Now we start reading our input (ABACB). The first character we find is ‘A’. First we do a lookup in the table, what range does ‘A’ have: 0.00 to 0.45. Lets remember these values as ‘low’ and ‘high’.

Time to encode the second character ‘B’. The first thing we need to do is reset our ranges to be between low and high:

  • A: 0.0000 to 0.2025
  • B: 0.2025 to 0.3805
  • C: 0.3805 to 0.4500

We want to encode ‘B’, so we’ll end up with low=0.2025 and high=0.3805. Time to update the table again:

  • A: 0.2025 to 0.2826
  • B: 0.2826 to 0.3538
  • C: 0.3538 to 0.3805

Encode ‘A’, we get low=0.2025 and high=0.2826. And adjust the table again:

  • A: 0.202500 to 0.238545
  • B: 0.238545 to 0.270585
  • C: 0.270585 to 0.282600

Encode ‘C’, we get low=0.270585 and high=0.282600. Adjust the table one last time:

  • A: 0.27058500 to 0.27599175
  • B: 0.27599175 to 0.28079775
  • C: 0.28079775 to 0.28260000

So, lets encode the final symbol ‘B’ and stop right here. Now we save/output a value betwee low (0.27599175) and high (0.28079775) which takes the least amount of bytes, for example 0.28!

Now I we want to decode our message “0.28” we start by building the ranges again, these are the same as the first table above. Now we look at which range our 0.28 fall in. The result is ‘A’ (between 0.0 and 0.45). So we output this symbol. Next we have to update the table, because we outputted ‘A’ we know our encoder encoded ‘A’, so we can follow the same steps as the encoder did and update the ranges in the same way, so we’ll end up with the second table (with values between 0.0 and 0.45). If we look at 0.28 it now falls into range ‘B’, so we output ‘B’ and adjust again.

As you can see this number “0.28” describes our whole message “ABACB”! So we encoded a whole message in one small number. There are a lot of improvements possible to implement this algorithm efficiently, for example look at range encoding. Another website that helped me a lot is this basic arithmetic coding by Arturo Campos.

Prediction

The previous example works great, but there is a problem… if we assign equal probabilities to each possible symbol (each byte) we won’t compress anything! The example above works because I took bigger probabilities for A and B then for C… So for it to work we need to guess the correct probabilities, and the better we do this, the smaller our file gets! Luckely there are a couple of methods to assign/guess these probabilities.

Read and save table

One thing you can do is to first read the whole file and save the amount you see each character. Then you can scale these amounts into probabilities between 0.0 and 1.0 and save these probabilities to a file. Next we can use these probabilities to encode (and decode) our message! This will take quite a bit of overhead because you have to save the table..

Runtime adjustment

Another thing we can do is to just start with equal probabilities for each symbol and adjust the probabilities during the encoding. If we use the same method in encoding and decoding our probability table will remain the same.

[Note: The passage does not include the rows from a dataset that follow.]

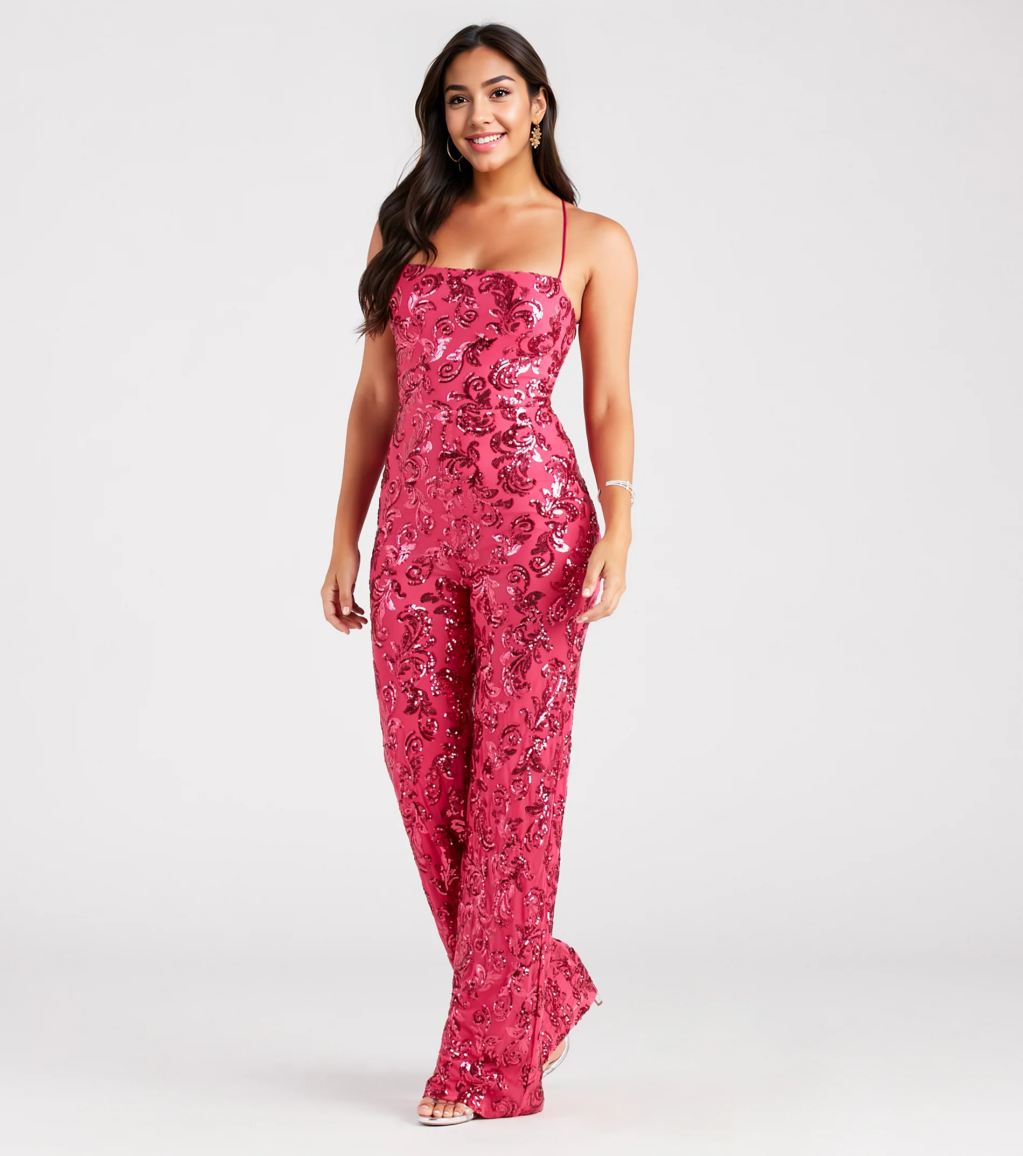 Radiate In Sequins Lace-Up Jumpsuit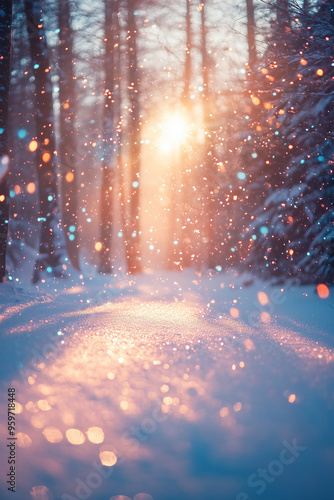 snowy forest and nature, trees with snow, seasonal wallpaper for christmas and winter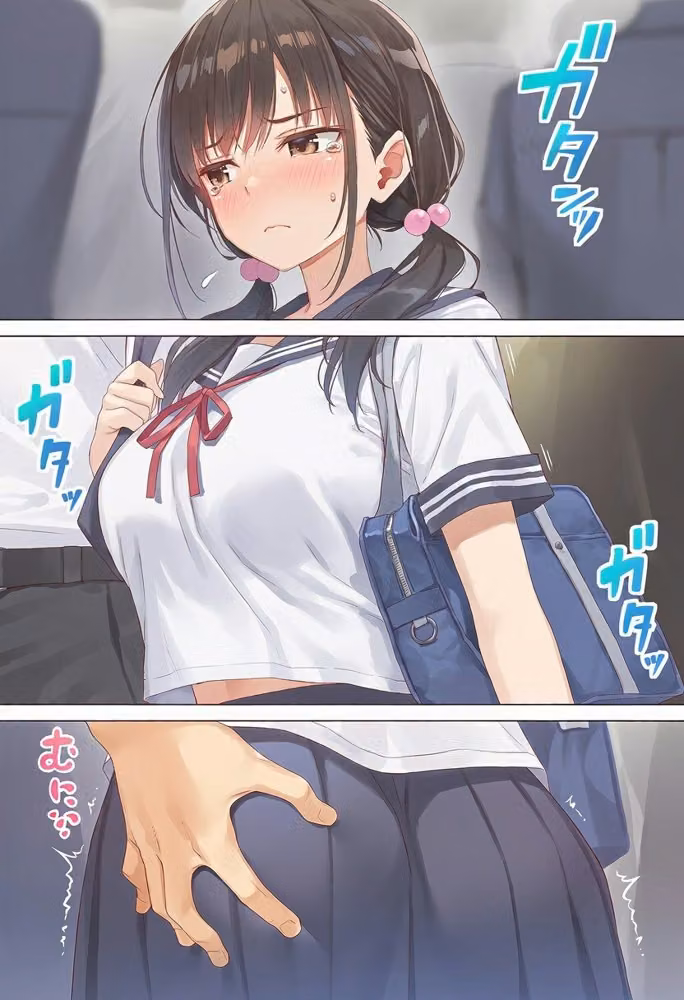 爆乳おさげちゃんの学園性活〜地獄の通学電車編〜 hitomiエロ漫画raw サンプル画像002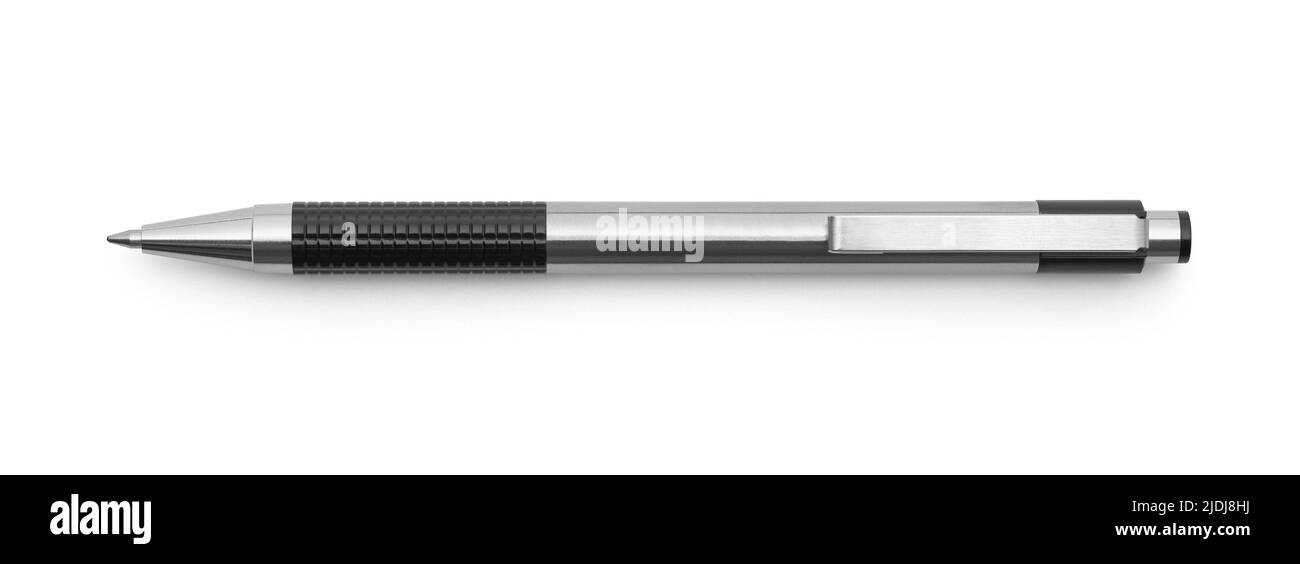 Stylo bille métallique découpé sur blanc. Banque D'Images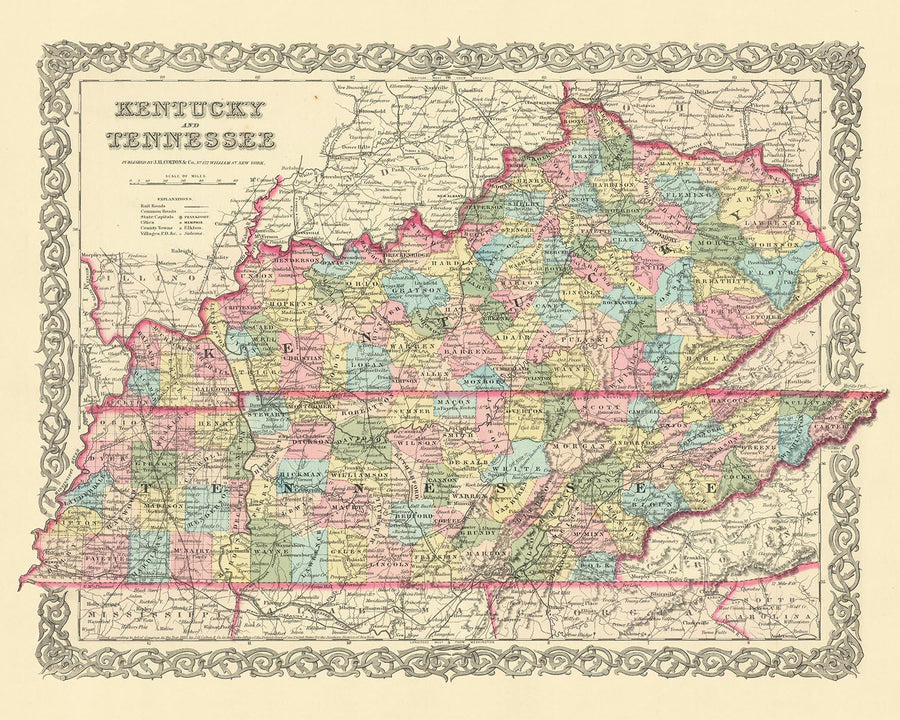 Mappa antica del Kentucky e del Tennessee di J. H. Colton, 1855: Louisville, Lexington, Frankfort, Covington e Bowling Green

Prediction by Partial Matching (PPM)

So, we can adjust the probabilities at runtime and for example count all the symbols we have seen. But why stop there? For example in a piece of English text, the letter ‘E’ will probably have the highest count/probabilty. But if we encouter the symbols: “COMPRESSI” we know the next character will likely be an “O”, not an “E”! So what if we can enlarge our context? This is what PPM does, looking at the bigger picture. Not only count single symbols, but also combinations. The longer the combinations the more specific our predictions get (but also more memory is needed).

Context Mixing (CM)

With PPM you have one model which predicts the probability of the next symbol by looking at its past statistics. But why stop there? With Context Mixing (CM) you can have multiple models predicting the next symbol work together. When you do this right you and predict the next symbol even better and thus get better compression ratios! This is how the best current compression algorithms work.

Other methods

This is just one family of compression algorithms, there are a lot more which I won’t describe here (yet?). Instead of processing/guessing the next symbol you could also replace long series of symbols with shorter unique symbols. This is known as dictionary coding, an entire other family of compressors (including LZ, zip, gz).